Along the way, Karikó and Weissman started a company. Called RNARx, it aimed to develop mRNA-based treatments and vaccines.
Karikó later joined the German company BioNTech. But she and Weissman continued to work together. In 2015, they were part of a team that encased mRNA in bubbles of lipids, which are fatty compounds. This helped keep the body from breaking down the fragile RNA before it could get into cells.
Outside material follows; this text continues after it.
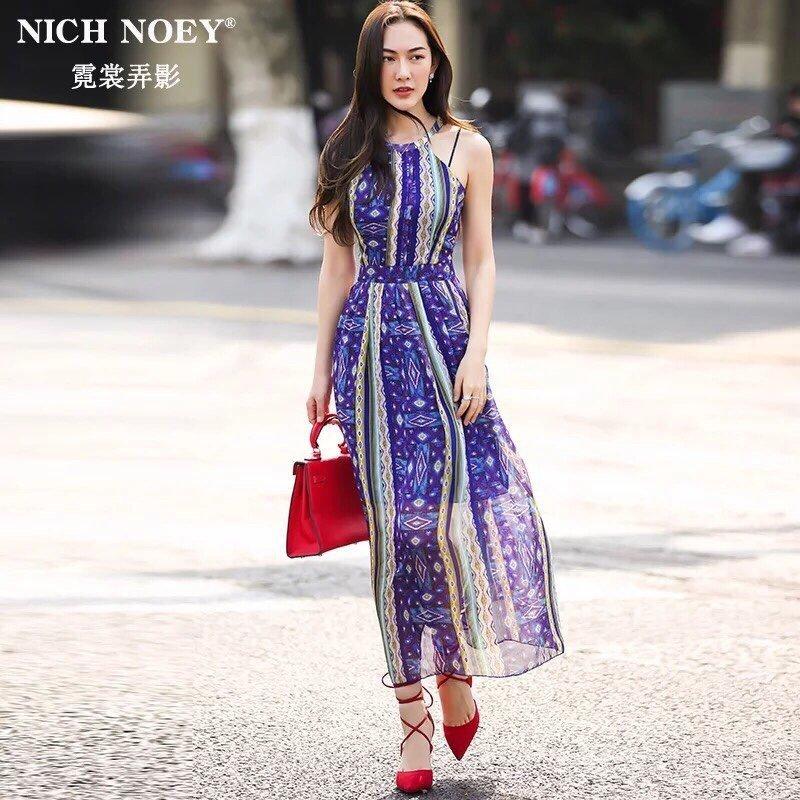 Đầm maxi sọc màu d768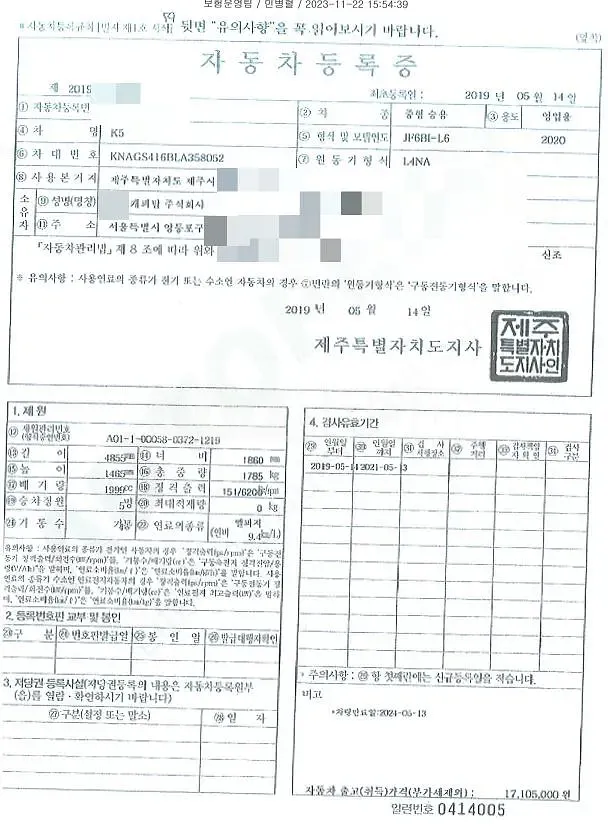 Photo 2 of 6: 2019 Kia K5 LPG, VIN KNAGS416BLA358052 — Korean insurance auction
The researchers then began developing their first mRNA vaccine — for Zika. Suddenly, the COVID-19 pandemic hit. At once they changed their focus. They now applied all they had learned to making a vaccine against COVID-19.
Struggles to gain acceptance
Thomas Perlmann is Secretary General of the Nobel Assembly at the Karolinska Institute. He asked the two winners if they were surprised to get a Nobel. Karikó, he said, was overwhelmed.
Just 10 years ago, she told him, she was let go from her job. She had to move to Germany without her family to find work. And the U.S. National Institutes of Health never supported her research.
“She struggled and didn’t get recognition for the importance of her vision,” Perlmann said on October 2. Still, she had a passion for using mRNA in medicine. “She resisted the temptation to sort of go away from that path and do something maybe easier.”
This award shows that “there are just a million other possibilities for messenger RNA … beyond the vaccines,” Corbett-Helaire says.
Nobels have been awarded since 1901. Karikó is the 61st woman to win one — and only the 13th to get one in physiology or medicine.
Karikó and Weissman will share a prize of 11 million Swedish kronor. That’s equal to roughly $1 million.